Forbidden
You don't have permission to access / on this server.
Hmmm.
My first thought was what happened to the index.php file at the root of the site, perhaps renamed by accident or moved? I remoted into the server and looked in the www folder, and looked and looked...
Somehow, the entire www folder for the instance in question was gone. Oh boy.
The entire moodle server files location was gone.
My next thought was why hasn't anyone from their school district contacted me? How long has it been like this? Do I have a backup of the www or site files?My blood pressure was rising. I stayed calm and looked about my network space, hoping I had copied the www directory for emergencies like this. No go. I could go to our network people and request for a backup to be restored to a virtual server, where I could extract the missing directory and copy it back into place.

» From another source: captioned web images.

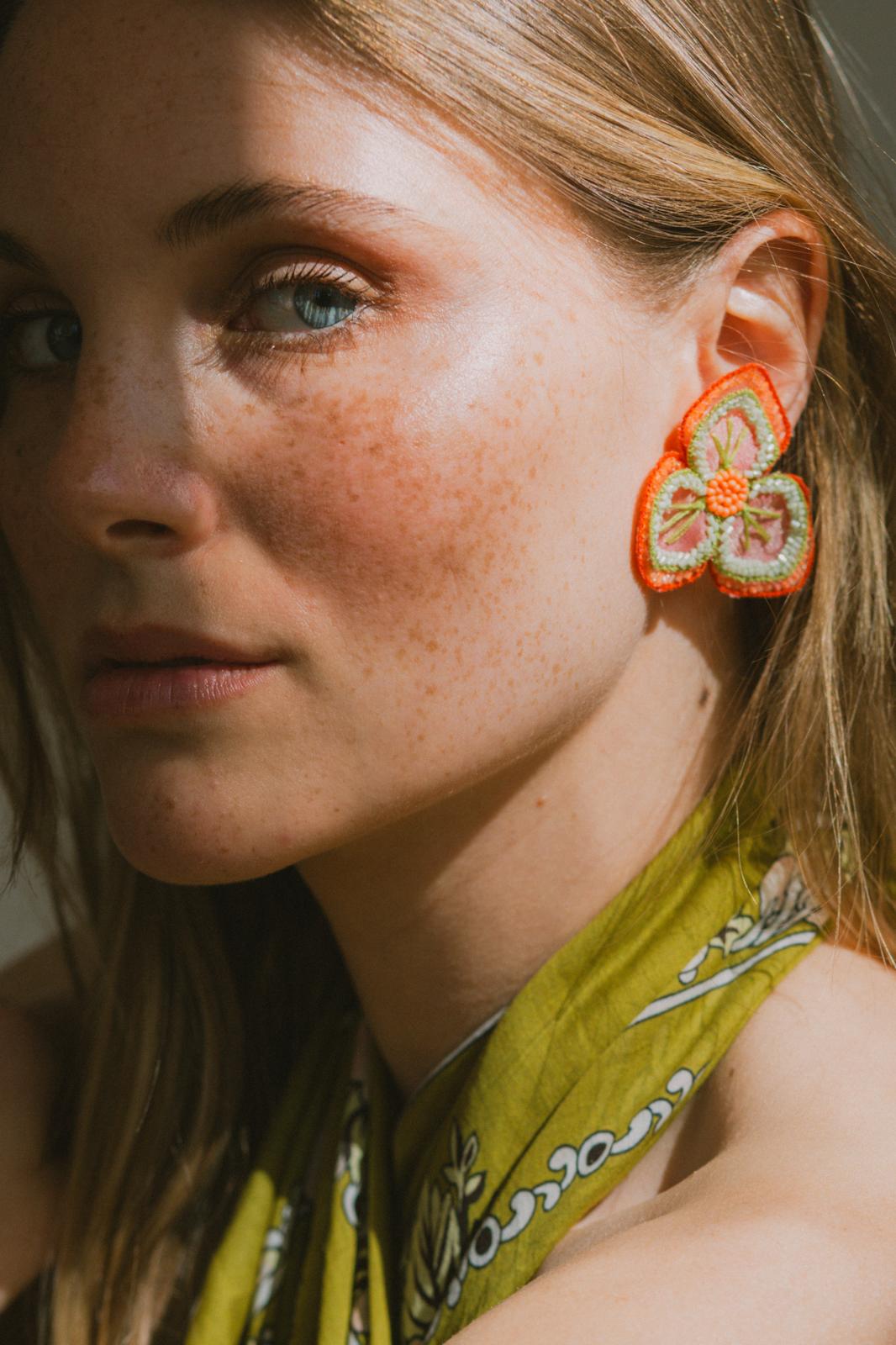 Boucles d'oreilles brodées NÉLIA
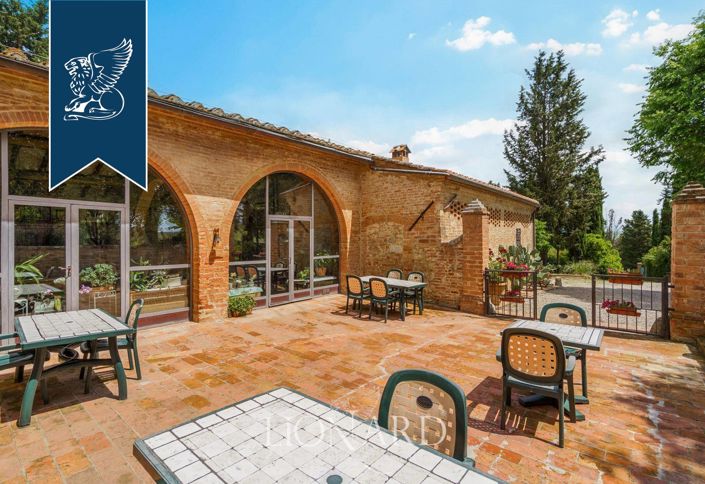 Image No.8-Ferme de 12 chambres à vendre à Asciano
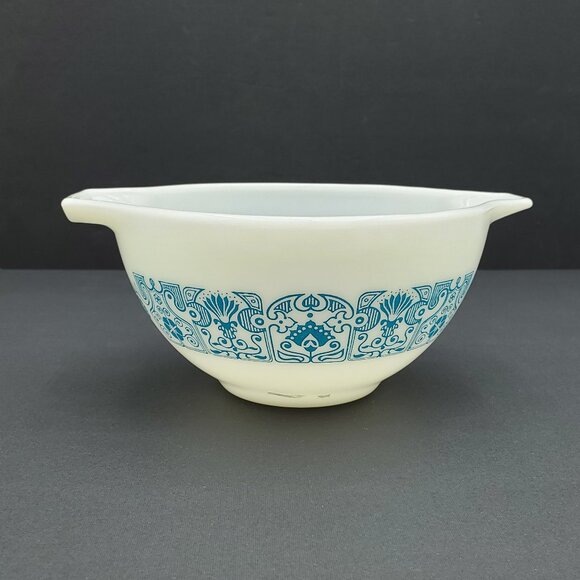 Pyrex Horizon Blue 1.5 Pint Cinderella Mixing Bowl Pyrex 441 Blue Horizon Bowl - Picture 1 of 10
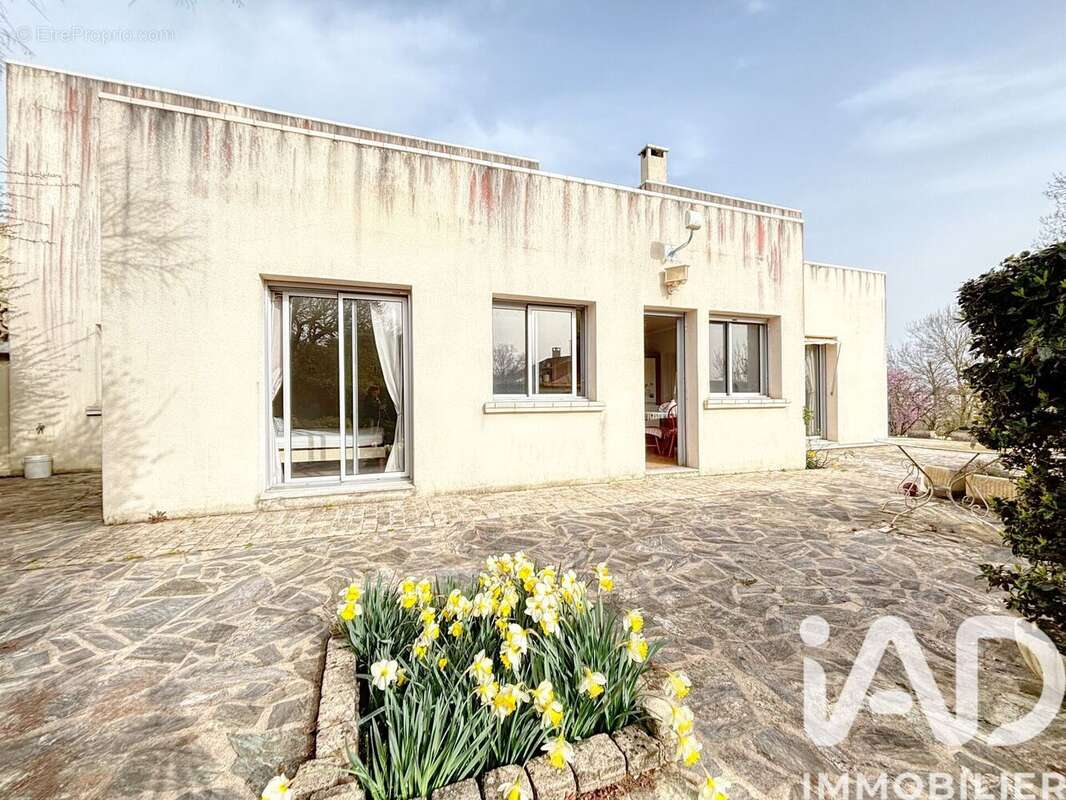 Photo 3 - Maison à CORBEIL-ESSONNES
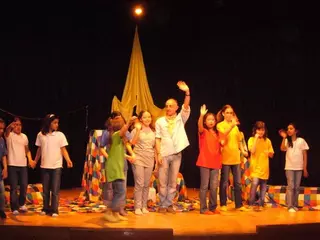 El colegio Las Acacias inaugura la temporada de Teatro Escolar Municipal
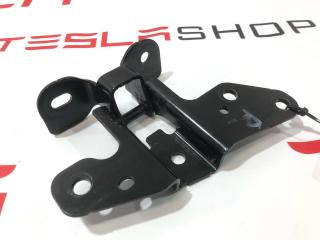 петля крышки багажника Rivian R1T 1 поколение 2022, PT00002004, PT00000354, C500000354-G, PT00002375-E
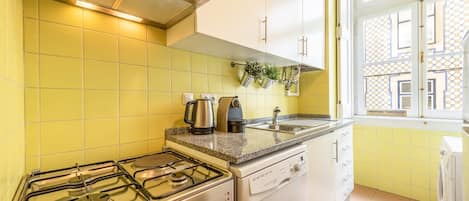 Frigorifero, microonde, forno, piano cottura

Before contacting the network police, I checked to see if there was a db instance, which there was. I checked to see if there was a data root folder, there was. I checked the apache vhost for the directive for the instance, check. All 3 other critical pieces were in place, the only thing missing was the moodle application files.
I thought, why not just copy one of the other instances, rename it and update the config.php? So I did, and updated these four variables with appropriate data.
$CFG->dbname
$CFG->wwwroot
$CFG->dirroot
$CFG->dataroot
The config.php file at the root of the moodle instance contains very critical information in 4 areas:
1. DATABASE SETUP
2. WEB SITE LOCATION
3. SERVER FILES LOCATION
4. DATA FILES LOCATION
After changing each of those to the appropriate value for my missing moodle instance, I bravely returned to my browser, hit refresh and....I was in. After logging in and looking around a little, the courses, users all seem to be in place. The only thing that is different is the theme that they had set, by copying the moodle code from another instance, I inherit their theme. Oh well, not too concerned about that.
Moral of the story?
- Back up your core moodle files, as well as your DB and courses.
- Don't panic
- Know what to change in the config.php file.
Another final note after cogitating on this a little longer. This is really overkill. As I am copying moodle server files into a backup location, 50 MB for 1.9. 84 MB for 2.x...do I really need to copy all this code code, that does not change, not much anyway. Maybe just copy the config.php file for each instance?
I'm not sure, I want to be thorough but drive space does have a cost too, not to mention my own sense that this is too much stuff to keep track of when I can get the core code from moodle.
It seems the data folder would be the wiser one to be backing up. That, you cannot get from the moodle site. But that is even MORE space to deal with. In our case, I shall rely on on network people in the event of lost data files.